# Sept. BCN Rankings



## unfocused (Oct 8, 2019)

Let the flame wars begin: https://www.bcnretail.com/market/detail/20191007_139996.html


----------



## privatebydesign (Oct 8, 2019)

Hmm, Canon are *******.......


----------



## Mt Spokane Photography (Oct 9, 2019)

Its well known that after a new camera release, sales jump. Sony also had some new releases, so its not lopsided. Considering that Nikon did not have any new models in September, they held up well.


----------



## Sharlin (Oct 9, 2019)

Mt Spokane Photography said:


> Considering that Nikon did not have any new models in September, they held up well.



I don't think they mentioned Nikon in that article.
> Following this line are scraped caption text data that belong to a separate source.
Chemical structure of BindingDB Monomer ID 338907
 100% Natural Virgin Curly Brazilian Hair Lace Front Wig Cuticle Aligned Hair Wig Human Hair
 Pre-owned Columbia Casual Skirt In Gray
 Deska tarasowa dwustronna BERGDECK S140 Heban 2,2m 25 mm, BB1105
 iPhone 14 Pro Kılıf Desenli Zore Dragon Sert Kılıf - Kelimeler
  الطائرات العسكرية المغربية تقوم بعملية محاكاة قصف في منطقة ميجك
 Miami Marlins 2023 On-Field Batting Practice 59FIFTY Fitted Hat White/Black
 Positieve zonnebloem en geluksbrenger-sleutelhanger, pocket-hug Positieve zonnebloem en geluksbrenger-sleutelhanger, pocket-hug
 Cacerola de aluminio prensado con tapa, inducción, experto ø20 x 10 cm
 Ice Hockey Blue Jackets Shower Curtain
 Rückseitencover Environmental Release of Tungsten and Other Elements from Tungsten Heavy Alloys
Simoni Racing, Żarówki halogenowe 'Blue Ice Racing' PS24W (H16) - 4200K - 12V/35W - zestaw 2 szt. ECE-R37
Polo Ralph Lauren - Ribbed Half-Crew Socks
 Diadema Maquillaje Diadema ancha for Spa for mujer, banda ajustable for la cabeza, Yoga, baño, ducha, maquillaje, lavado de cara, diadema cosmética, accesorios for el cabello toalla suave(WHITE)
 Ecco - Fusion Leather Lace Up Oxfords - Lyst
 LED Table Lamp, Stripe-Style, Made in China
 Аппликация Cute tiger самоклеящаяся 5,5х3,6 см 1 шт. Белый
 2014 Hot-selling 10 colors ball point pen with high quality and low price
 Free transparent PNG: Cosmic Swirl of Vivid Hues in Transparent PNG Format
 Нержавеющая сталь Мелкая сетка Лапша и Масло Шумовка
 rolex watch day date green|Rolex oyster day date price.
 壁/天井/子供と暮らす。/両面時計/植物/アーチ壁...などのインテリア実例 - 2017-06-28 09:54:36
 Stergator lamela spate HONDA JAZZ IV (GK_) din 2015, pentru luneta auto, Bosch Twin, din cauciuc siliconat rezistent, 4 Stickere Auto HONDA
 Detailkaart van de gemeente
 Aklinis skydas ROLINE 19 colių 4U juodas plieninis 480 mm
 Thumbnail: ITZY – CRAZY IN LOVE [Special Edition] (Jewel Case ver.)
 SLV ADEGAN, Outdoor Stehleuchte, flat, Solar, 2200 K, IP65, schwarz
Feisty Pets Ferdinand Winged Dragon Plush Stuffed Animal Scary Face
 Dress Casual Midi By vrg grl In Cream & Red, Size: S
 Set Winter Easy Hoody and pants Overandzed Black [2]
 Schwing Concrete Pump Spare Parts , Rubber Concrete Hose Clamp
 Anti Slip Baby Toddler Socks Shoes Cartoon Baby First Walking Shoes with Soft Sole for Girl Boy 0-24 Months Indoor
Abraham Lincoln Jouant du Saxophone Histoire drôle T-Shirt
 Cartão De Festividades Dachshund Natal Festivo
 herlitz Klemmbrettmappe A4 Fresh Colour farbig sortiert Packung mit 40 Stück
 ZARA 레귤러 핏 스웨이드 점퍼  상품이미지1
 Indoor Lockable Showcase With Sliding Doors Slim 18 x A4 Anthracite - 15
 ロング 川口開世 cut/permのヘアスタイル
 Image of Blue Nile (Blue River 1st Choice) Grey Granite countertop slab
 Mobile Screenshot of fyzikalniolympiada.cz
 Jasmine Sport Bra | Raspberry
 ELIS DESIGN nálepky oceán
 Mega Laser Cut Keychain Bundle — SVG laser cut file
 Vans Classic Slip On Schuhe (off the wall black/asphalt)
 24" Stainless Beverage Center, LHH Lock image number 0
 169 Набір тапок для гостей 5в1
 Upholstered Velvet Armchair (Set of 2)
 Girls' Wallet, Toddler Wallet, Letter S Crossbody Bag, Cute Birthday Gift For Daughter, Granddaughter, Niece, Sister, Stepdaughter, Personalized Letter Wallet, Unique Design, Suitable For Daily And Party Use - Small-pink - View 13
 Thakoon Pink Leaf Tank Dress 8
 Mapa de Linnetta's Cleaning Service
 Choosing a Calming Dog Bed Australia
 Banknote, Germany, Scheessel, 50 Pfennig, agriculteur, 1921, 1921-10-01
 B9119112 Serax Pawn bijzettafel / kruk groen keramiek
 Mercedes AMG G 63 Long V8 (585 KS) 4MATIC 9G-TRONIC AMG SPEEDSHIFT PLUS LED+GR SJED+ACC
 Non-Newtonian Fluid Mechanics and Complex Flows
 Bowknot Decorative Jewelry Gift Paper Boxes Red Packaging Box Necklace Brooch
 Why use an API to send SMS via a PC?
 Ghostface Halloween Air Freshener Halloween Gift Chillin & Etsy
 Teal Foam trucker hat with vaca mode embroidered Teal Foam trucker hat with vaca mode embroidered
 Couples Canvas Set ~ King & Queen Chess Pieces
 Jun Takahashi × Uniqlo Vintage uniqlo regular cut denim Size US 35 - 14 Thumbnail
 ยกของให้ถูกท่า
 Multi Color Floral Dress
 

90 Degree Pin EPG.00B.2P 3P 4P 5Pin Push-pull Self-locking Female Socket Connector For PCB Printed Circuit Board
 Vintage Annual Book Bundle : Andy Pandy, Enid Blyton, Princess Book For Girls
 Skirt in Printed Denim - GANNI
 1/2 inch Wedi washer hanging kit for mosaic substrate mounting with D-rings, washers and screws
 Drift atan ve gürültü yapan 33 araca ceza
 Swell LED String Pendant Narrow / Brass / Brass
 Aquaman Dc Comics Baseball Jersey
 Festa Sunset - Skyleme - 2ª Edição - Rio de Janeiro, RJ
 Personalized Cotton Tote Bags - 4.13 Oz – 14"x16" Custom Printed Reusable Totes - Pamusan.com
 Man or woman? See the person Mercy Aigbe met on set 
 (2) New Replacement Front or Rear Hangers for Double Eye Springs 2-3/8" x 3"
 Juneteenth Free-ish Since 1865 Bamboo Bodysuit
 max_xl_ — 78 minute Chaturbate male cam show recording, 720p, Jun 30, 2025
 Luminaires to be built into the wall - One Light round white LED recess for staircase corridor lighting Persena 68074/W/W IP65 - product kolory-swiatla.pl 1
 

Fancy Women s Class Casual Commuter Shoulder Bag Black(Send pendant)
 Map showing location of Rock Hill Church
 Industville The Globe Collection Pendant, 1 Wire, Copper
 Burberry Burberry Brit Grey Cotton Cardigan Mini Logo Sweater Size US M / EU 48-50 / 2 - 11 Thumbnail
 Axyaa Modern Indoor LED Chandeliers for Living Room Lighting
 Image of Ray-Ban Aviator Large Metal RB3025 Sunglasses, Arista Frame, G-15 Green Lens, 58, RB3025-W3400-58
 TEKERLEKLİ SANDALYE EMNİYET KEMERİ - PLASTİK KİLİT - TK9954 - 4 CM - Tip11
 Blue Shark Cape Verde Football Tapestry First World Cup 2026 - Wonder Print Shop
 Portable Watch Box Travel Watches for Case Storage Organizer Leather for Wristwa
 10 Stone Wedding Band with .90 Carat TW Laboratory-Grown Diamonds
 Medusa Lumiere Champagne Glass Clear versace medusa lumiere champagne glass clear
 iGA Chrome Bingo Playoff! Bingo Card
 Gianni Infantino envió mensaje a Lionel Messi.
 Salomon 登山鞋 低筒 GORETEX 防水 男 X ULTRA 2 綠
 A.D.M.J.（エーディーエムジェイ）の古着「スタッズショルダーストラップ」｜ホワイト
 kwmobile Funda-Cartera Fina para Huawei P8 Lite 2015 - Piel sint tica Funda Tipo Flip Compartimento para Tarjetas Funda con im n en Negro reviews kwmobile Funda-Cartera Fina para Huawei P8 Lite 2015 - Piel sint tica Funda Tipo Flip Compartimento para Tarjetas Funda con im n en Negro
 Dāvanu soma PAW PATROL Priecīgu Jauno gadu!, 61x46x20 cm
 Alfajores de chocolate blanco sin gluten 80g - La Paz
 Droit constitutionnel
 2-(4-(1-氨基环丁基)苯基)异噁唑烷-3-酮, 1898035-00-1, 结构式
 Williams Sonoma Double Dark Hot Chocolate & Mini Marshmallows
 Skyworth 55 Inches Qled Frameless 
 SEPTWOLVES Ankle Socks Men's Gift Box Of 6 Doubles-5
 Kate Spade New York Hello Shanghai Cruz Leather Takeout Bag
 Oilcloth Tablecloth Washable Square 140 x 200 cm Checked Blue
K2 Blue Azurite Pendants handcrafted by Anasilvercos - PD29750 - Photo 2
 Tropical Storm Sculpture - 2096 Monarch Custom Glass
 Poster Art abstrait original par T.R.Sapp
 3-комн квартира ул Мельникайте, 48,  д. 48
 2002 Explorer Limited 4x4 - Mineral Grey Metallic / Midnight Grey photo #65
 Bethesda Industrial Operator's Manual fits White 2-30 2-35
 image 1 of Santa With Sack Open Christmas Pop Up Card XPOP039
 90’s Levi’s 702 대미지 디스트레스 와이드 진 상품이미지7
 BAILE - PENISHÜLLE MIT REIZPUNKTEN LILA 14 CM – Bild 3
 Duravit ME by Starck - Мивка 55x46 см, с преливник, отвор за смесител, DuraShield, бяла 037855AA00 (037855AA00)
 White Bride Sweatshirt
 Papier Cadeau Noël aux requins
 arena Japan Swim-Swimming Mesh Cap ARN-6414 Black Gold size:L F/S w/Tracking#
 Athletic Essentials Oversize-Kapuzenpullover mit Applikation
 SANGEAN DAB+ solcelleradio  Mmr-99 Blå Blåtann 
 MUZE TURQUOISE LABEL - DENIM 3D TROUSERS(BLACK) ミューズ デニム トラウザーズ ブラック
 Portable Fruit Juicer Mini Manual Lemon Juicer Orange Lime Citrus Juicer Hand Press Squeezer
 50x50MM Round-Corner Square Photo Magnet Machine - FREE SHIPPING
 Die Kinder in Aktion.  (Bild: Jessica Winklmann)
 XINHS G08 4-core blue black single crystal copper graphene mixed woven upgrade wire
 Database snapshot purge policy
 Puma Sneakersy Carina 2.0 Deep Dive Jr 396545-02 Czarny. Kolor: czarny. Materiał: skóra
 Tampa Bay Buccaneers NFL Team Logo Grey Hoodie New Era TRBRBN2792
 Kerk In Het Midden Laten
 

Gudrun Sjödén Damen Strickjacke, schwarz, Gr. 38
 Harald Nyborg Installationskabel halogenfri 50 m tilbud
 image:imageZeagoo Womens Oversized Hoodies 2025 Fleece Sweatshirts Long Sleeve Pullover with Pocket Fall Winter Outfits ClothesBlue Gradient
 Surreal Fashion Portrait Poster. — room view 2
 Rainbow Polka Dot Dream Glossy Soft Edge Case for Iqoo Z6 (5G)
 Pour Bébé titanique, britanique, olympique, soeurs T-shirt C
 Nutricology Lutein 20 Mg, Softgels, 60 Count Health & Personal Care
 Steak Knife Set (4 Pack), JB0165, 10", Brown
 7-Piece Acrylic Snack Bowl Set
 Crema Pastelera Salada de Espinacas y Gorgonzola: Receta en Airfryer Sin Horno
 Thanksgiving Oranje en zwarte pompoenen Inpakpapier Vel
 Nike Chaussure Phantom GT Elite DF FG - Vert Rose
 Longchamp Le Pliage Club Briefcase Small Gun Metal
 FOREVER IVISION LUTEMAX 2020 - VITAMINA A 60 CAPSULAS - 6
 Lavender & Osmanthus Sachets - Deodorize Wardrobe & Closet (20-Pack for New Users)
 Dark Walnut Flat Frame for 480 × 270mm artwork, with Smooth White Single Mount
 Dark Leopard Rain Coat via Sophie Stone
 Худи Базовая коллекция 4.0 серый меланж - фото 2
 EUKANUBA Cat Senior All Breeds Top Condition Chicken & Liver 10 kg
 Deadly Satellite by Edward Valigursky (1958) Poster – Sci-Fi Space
The chart shows Canon, Sony and Olympus.


----------



## Quirkz (Oct 9, 2019)

Funny how quiet the thread is when it’s canon in the lead.


----------



## SteveC (Oct 9, 2019)

I'd love to see a similar graph showing the situation in the United States.


----------



## Mt Spokane Photography (Oct 9, 2019)

Sharlin said:


> I don't think they mentioned Nikon in that article. The chart shows Canon, Sony and Olympus.


Thanks, I missed that.


----------